Age 15: You are upset in this photo; upset or stoned. Actually, you are stoned. You’re in front of a TV, playing Bond on Nintendo 64. The aesthetic is clearly late 90s, clearly large-living-room-in-suburbia. You aren’t sure who took the picture, and it feels as if the photographer who took this picture actually didn’t care. Not pictured but felt are the family portraits around the living room, the Glade air-freshener plug-ins, the large kitchen stocked with non-perishable food, the suburb that held the house.

Age 16: Predictably, there is no photo of you at this age. Something happened. There were more drugs, more metaphysical status issues, more alienation, and way too much reality. You got your first blow job and had your first sex this year. You did things of which you felt acutely ashamed. It was messy. If a picture of you was taken at this age, it would be sigh-inducing.

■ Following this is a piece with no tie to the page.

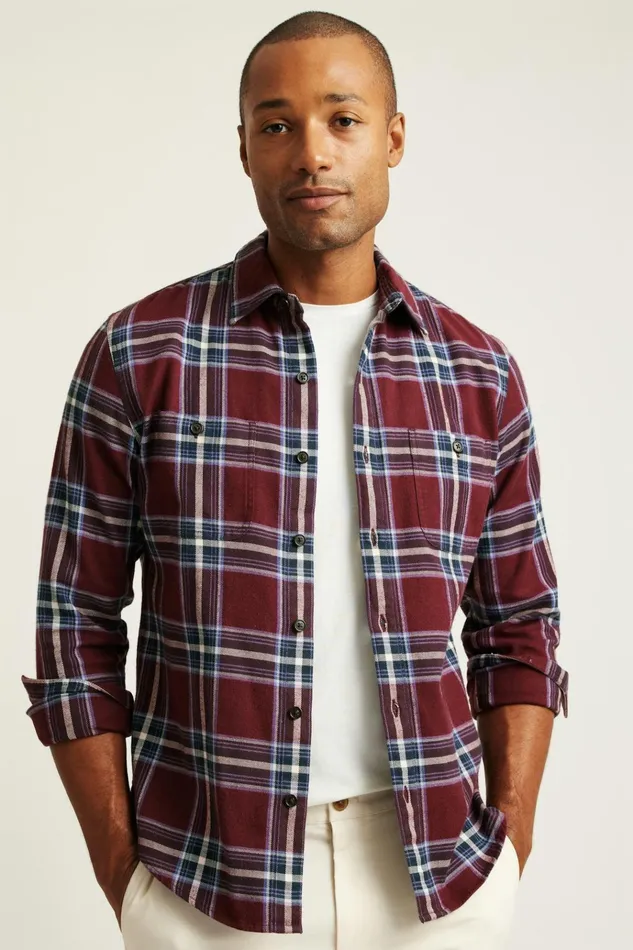 Men Flannels and Shirt Jackets Bonobos Fireside Flannel Shirt Burgundy Huxley Plaid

Age 17: This final picture is a picture of you in front of your friend’s red Acura. Your friend is behind the wheel, a teen who would soon become a Normal Person. You are one month away from graduation in this photo, as you are graduating high school a year early, because you can’t stand high school. Your parents have divorced – it happened during your obsessed-with-Pink-Floyd’s-The-Wall stage. You later got into acid, then depression. You’re moving out soon, and looking at the photo, you can’t say that the person pictured is a child anymore, but you can’t say that he isn’t, either.